TRY IT » The copy must hold every line from the one with "Top view of" through the end of the listing, word for word, and must hold no pictures.

TASK DATA »

☆ ☆ ☆ ☆

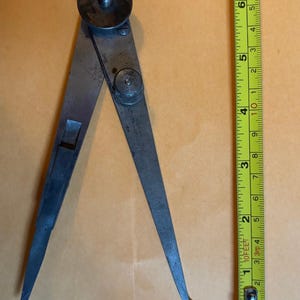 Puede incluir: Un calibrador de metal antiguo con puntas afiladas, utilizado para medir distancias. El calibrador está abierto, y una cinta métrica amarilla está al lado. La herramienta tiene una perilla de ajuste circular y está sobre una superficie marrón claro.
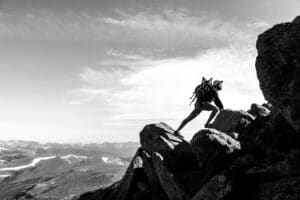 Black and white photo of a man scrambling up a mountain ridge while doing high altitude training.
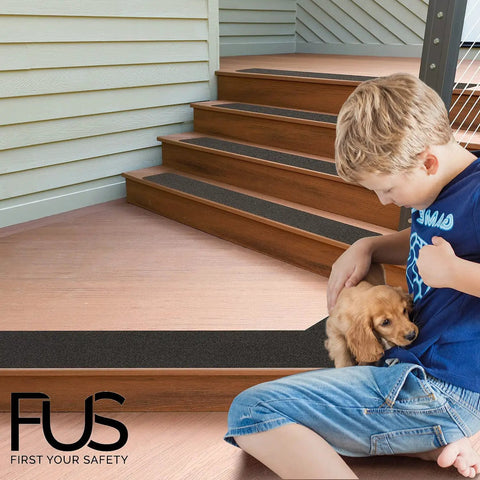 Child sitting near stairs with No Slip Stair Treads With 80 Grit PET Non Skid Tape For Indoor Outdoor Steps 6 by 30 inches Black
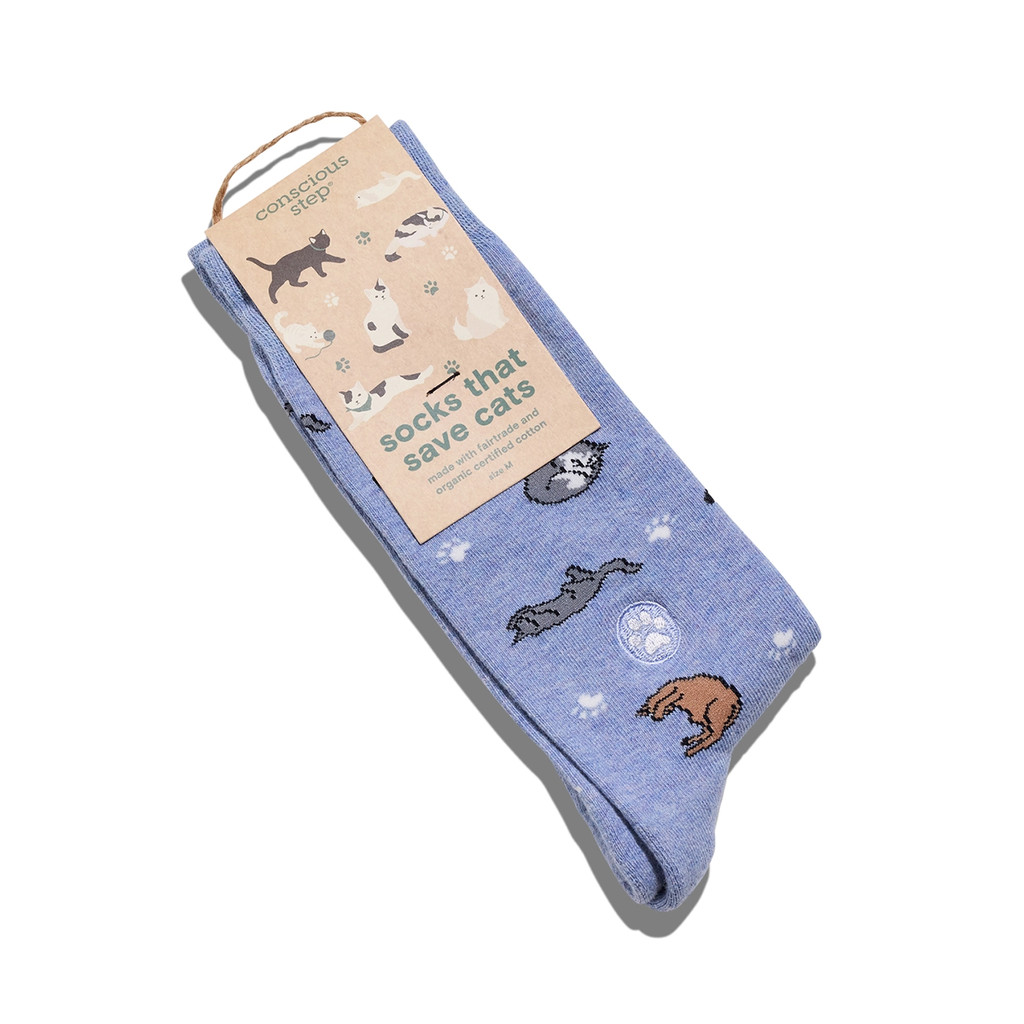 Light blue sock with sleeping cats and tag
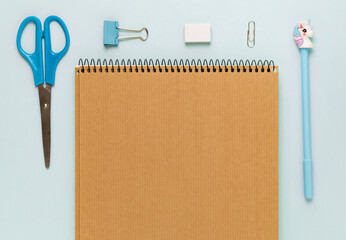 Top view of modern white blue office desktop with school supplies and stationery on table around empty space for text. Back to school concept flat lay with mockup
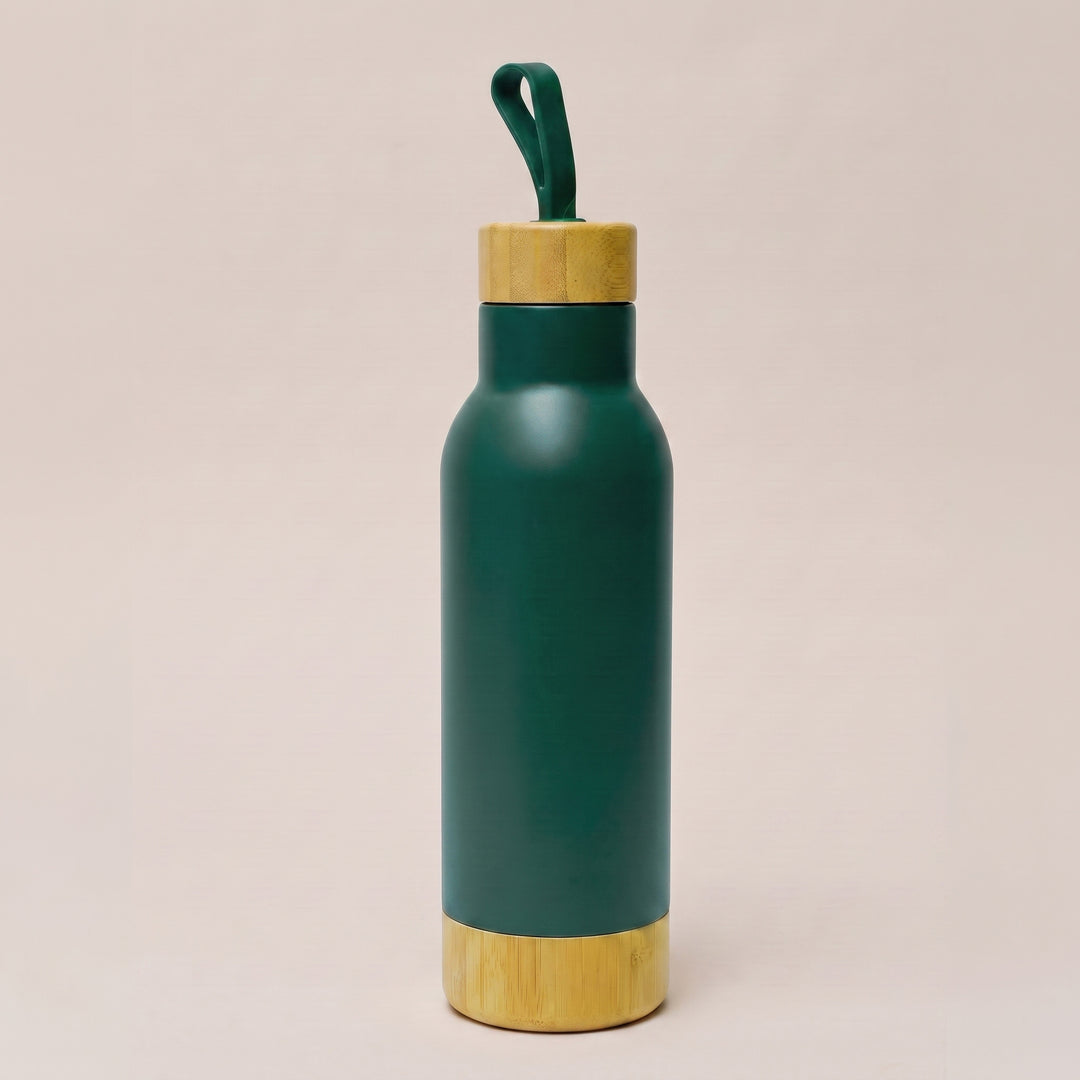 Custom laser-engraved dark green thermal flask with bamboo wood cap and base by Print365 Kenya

☆ ☆ ☆ ☆

EXERCISE RESPONSE »
 Top view of modern white blue office desktop with school supplies and stationery on table around empty space for text. Back to school concept flat lay with mockup
 Custom laser-engraved dark green thermal flask with bamboo wood cap and base by Print365 Kenya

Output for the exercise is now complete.